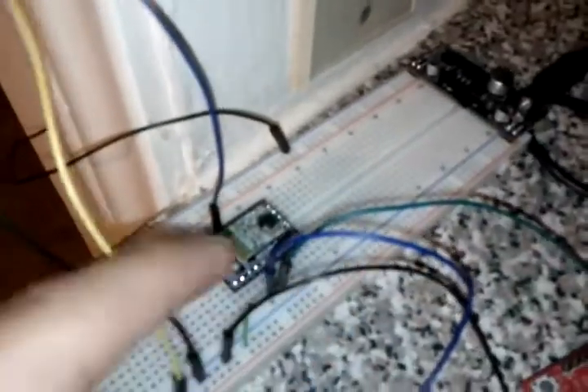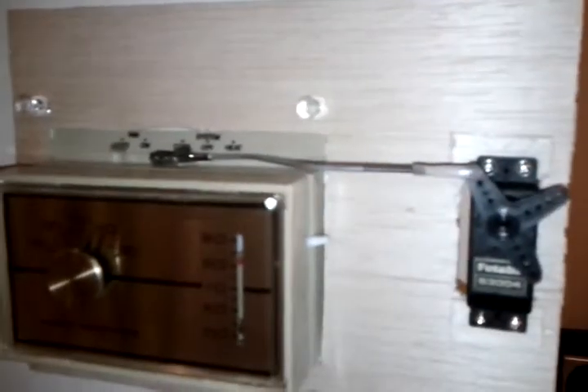Right now it's not doing much, but it's connected to an MSP430 here, and that's got a radio on it, so it's all going to be through the radio. Right now I'm just testing it out. Yeah, check it out. It works.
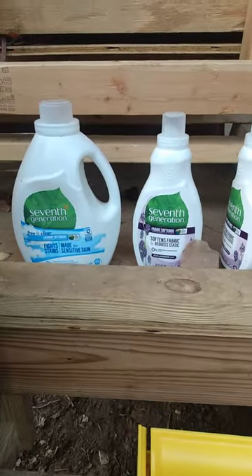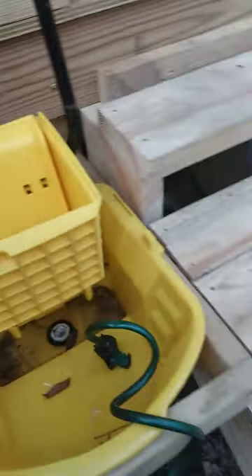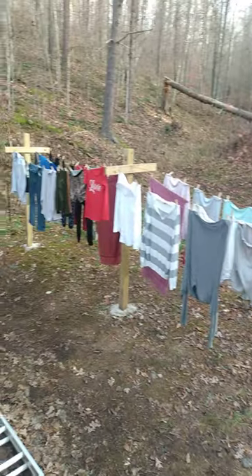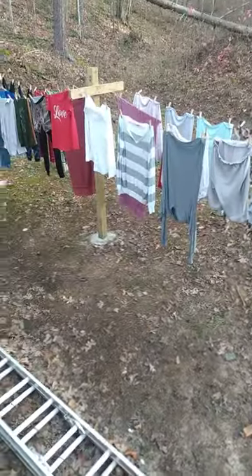We drain it out. We use all organic water detergents and fabric softeners — not a plug for Seventh Generation, but that's the kind she likes the best. Into the ringer it goes, and then from the ringer it goes to the line. To give you an idea of how much laundry it actually washes, this load and that load is three washer loads of laundry. So it does quite a bit of laundry.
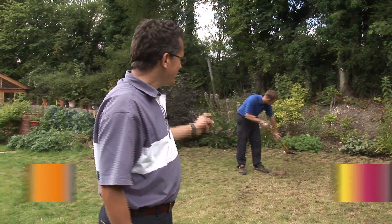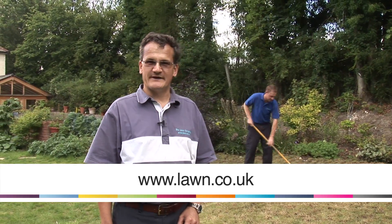Hi, I'm Mike and this is Dan and we're from The Lawn Company. We have a wealth of experience in looking after lawns, large and small. We're going to show you some handy tips on how to care for your lawn.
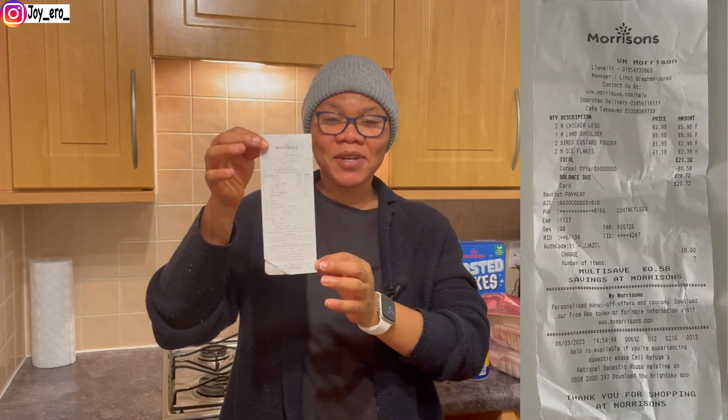Papi also got buns — we use them to make burgers. I think the actual burgers were from Aldi — I'll show you in the Aldi haul. This is a pack of four; we just slice them to use as burger buns sometimes. It's very yummy — Papi loves to make things like this and I love to eat it.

**What to produce**
Set down every line above exactly, pictures excluded.

**Written response**
Right now it's not doing much, but it's connected to an MSP430 here, and that's got a radio on it, so it's all going to be through the radio. Right now I'm just testing it out. Yeah, check it out. It works.
We drain it out. We use all organic water detergents and fabric softeners — not a plug for Seventh Generation, but that's the kind she likes the best. Into the ringer it goes, and then from the ringer it goes to the line. To give you an idea of how much laundry it actually washes, this load and that load is three washer loads of laundry. So it does quite a bit of laundry.
Hi, I'm Mike and this is Dan and we're from The Lawn Company. We have a wealth of experience in looking after lawns, large and small. We're going to show you some handy tips on how to care for your lawn.
Papi also got buns — we use them to make burgers. I think the actual burgers were from Aldi — I'll show you in the Aldi haul. This is a pack of four; we just slice them to use as burger buns sometimes. It's very yummy — Papi loves to make things like this and I love to eat it.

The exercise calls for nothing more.